Description of the task:
Output the lines of the records below exactly, beginning at their first line and ending at the line with "Red Butterfly on"; include no pictures.

___ Provided material ___

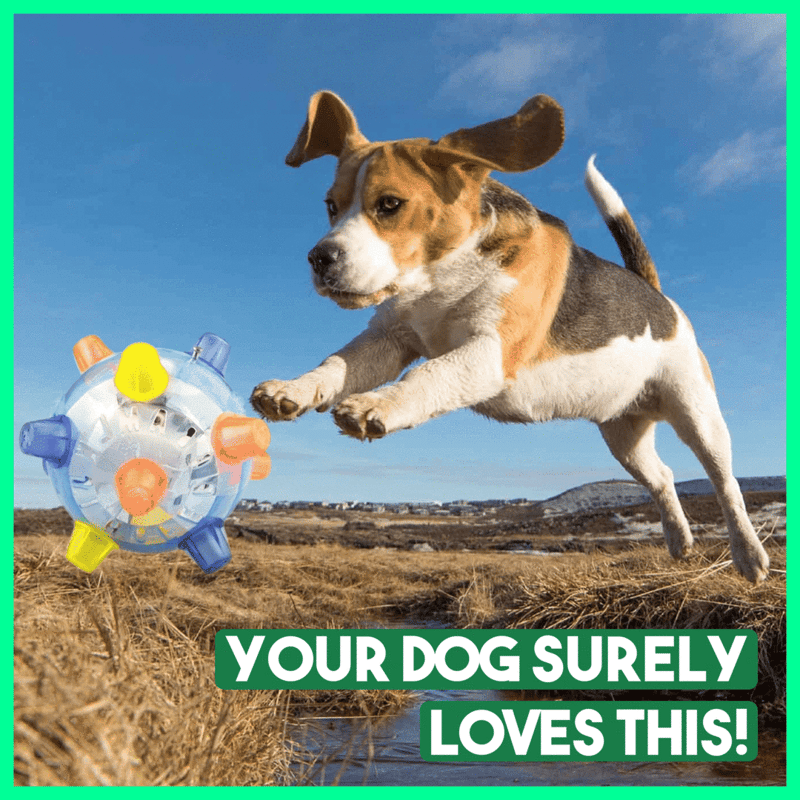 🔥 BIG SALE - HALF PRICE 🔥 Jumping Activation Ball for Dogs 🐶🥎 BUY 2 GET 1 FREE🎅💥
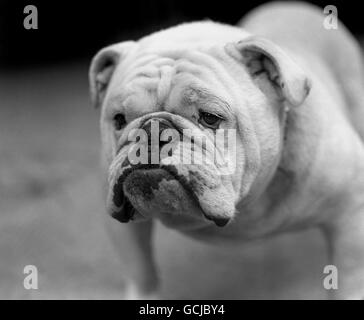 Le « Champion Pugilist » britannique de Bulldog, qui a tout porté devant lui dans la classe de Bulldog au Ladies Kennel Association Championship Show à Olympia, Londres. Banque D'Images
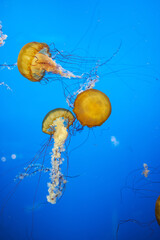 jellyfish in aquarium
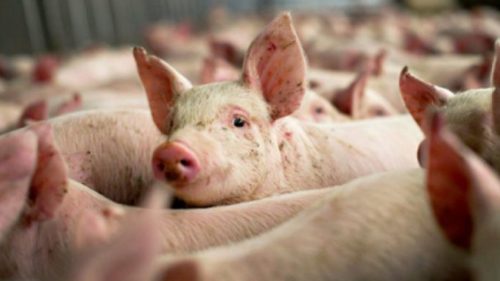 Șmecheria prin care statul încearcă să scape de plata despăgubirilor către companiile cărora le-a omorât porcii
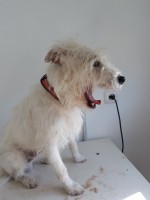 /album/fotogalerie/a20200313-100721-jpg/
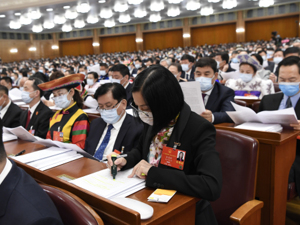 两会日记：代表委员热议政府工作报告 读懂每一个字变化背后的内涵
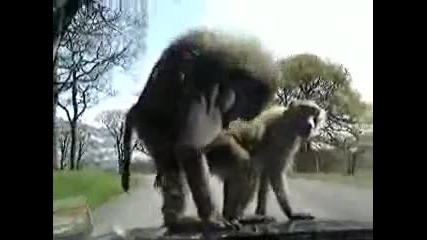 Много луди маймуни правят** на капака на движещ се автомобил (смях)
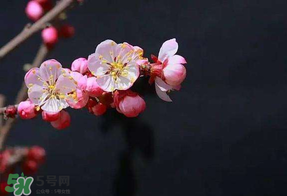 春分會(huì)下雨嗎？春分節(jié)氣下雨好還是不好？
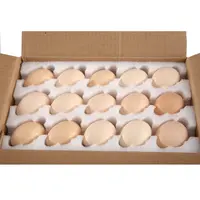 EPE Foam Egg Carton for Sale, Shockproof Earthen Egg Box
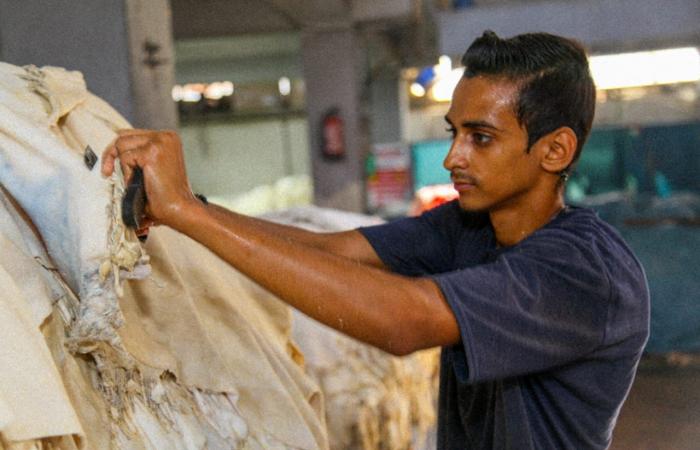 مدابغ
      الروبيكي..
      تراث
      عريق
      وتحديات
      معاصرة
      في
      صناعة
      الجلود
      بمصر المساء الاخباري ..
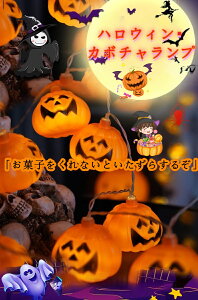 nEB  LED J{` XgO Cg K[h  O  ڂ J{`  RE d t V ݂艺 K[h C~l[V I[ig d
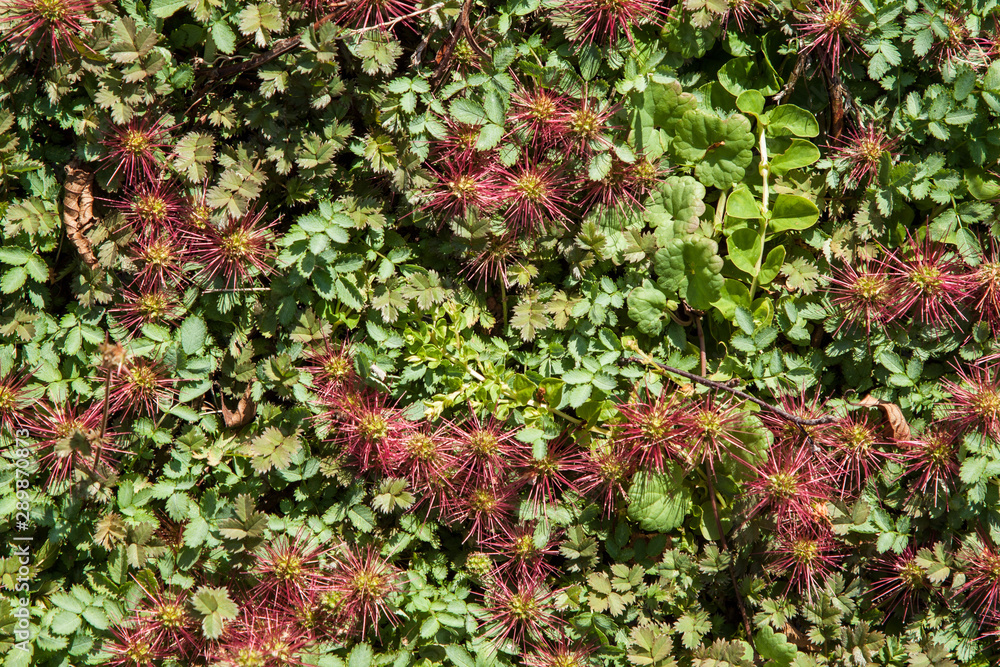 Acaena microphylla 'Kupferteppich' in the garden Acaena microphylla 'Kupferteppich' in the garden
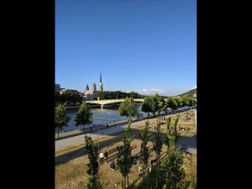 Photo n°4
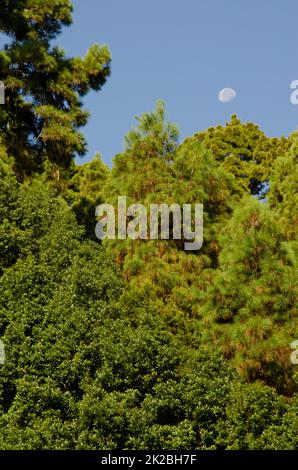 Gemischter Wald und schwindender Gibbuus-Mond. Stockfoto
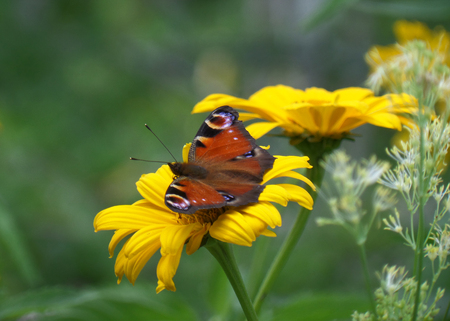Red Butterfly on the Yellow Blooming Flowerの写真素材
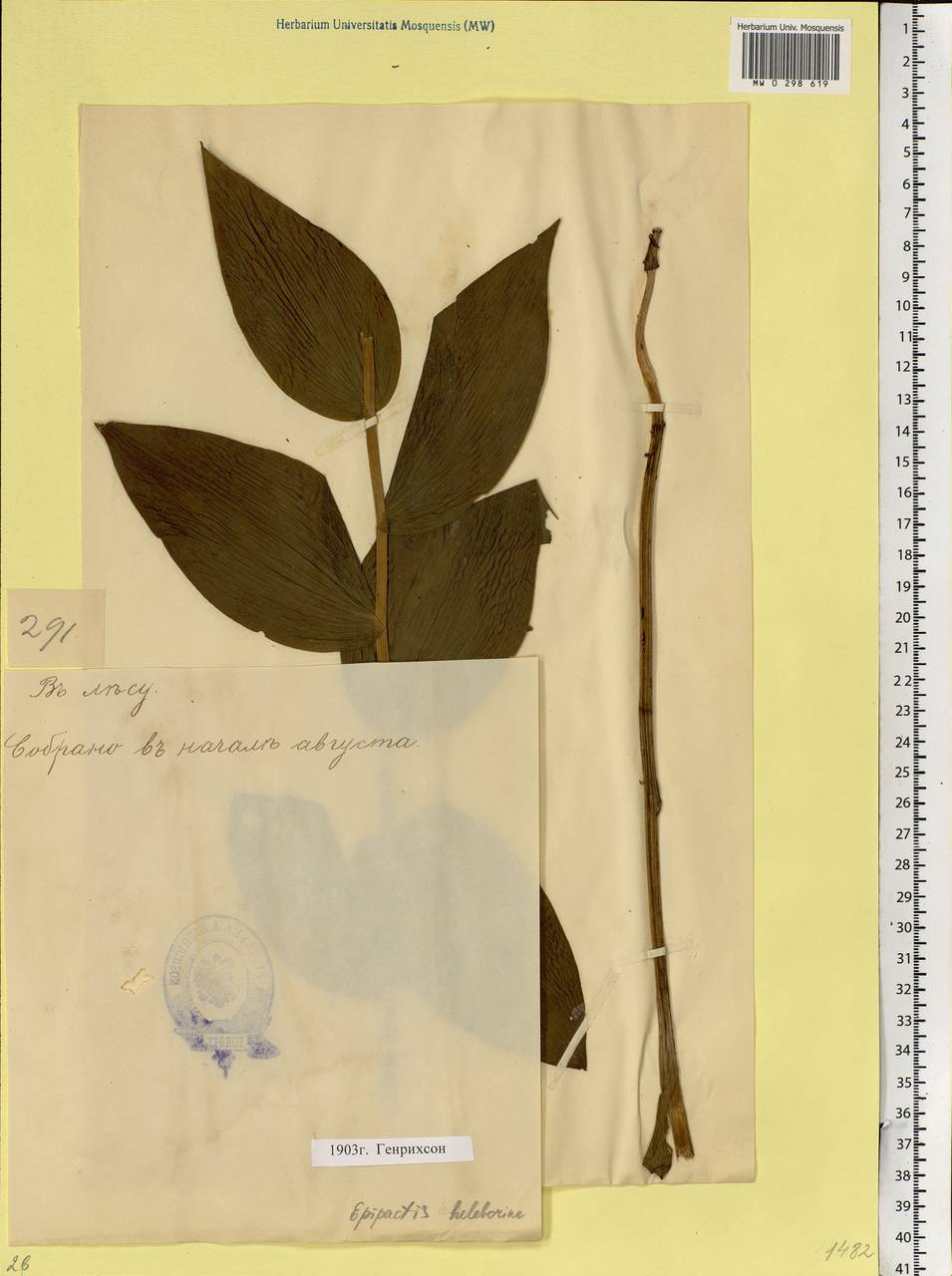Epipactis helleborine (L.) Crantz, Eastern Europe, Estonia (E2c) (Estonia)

___

Answer box:
 🔥 BIG SALE - HALF PRICE 🔥 Jumping Activation Ball for Dogs 🐶🥎 BUY 2 GET 1 FREE🎅💥
 Le « Champion Pugilist » britannique de Bulldog, qui a tout porté devant lui dans la classe de Bulldog au Ladies Kennel Association Championship Show à Olympia, Londres. Banque D'Images
 jellyfish in aquarium
 Șmecheria prin care statul încearcă să scape de plata despăgubirilor către companiile cărora le-a omorât porcii
 /album/fotogalerie/a20200313-100721-jpg/
 两会日记：代表委员热议政府工作报告 读懂每一个字变化背后的内涵
 Много луди маймуни правят** на капака на движещ се автомобил (смях)
 春分會(huì)下雨嗎？春分節(jié)氣下雨好還是不好？
 EPE Foam Egg Carton for Sale, Shockproof Earthen Egg Box
 مدابغ
      الروبيكي..
      تراث
      عريق
      وتحديات
      معاصرة
      في
      صناعة
      الجلود
      بمصر المساء الاخباري ..
 nEB  LED J{` XgO Cg K[h  O  ڂ J{`  RE d t V ݂艺 K[h C~l[V I[ig d
 Acaena microphylla 'Kupferteppich' in the garden Acaena microphylla 'Kupferteppich' in the garden
 Photo n°4
 Gemischter Wald und schwindender Gibbuus-Mond. Stockfoto
Red Butterfly on the Yellow Blooming Flowerの写真素材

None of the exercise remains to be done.